Southeast Asia, the Philippines, Taiwan, southern China, India, the city of Edmonton in Alberta, Canada, Japan and New Jersey have all experienced extraordinary flooding within the past two weeks. Last week Edmonton, Alberta, experienced a "once in 200 years" storm with 45 inches of rain and hail that buried parts of the city under tons of ice.

July 13 was an ominous day for flooding: a ferocious thunderstorm similar in violence to the Edmonton storm swept across Shanghai, killing seven and sinking a cargo ship. In Southeast Asia, the worst monsoon flooding in memory has killed thousands and left over five million people homeless across India, Bangladesh and Nepal. A typhoon has killed at least 50 people in the Philippines and Taiwan, and left a quarter of a million homeless.

Also on the 13th, there was a 17-inch downpour in northwestern Japan, killing at least five people. Again, the rains were sudden and intense, and the sudden flooding overcame people in low-lying areas, in areas that had never experienced these kinds of floods before. On the same day, more that a foot of rain fell in a few hours in New Jersey. The flooding was so fast that, as in Edmonton, people had to flee their cars to escape rising water. The flood zone extended into Pennsylvania and Maryland.

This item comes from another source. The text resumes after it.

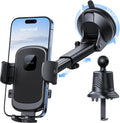 Car Phone Holder Mount 3-in-1 Suction Cup and Vent Clip - Stable 360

Meanwhile, Europeans from Oslo to Budapest are having snowball fights in July. Europeans feared a repeat of last year's killer heat wave, and southern Europe has indeed experienced some intense heat. But most Europeans have had temperatures that are about half what they were last year. Read the CNN Report.

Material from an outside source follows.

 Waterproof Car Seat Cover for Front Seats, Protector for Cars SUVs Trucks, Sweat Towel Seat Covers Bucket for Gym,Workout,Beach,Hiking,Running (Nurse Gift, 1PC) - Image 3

In the U.K., people are turning on their central heating. Elliot Frisby, of the VisitBritain tourism board, says, "We don't sell Britain as a sun, sea and sand destination."

Swedish ice cream maker Ingemar Folkeson is laying off workers. Danish ice cream maker Lars Fenner says sales are "10 to 15% below normal."

In Vienna, Hubert Pichler, who works in an outdoor amusement park, says, "I already made 10% less business in May and in June I was down almost 30%. We've only had three days of real summer this year..."

15,000 people died in France in last year's heat wave, so the government spent $82 million to install air conditioners in retirement homes, but most of them haven't even been turned on yet.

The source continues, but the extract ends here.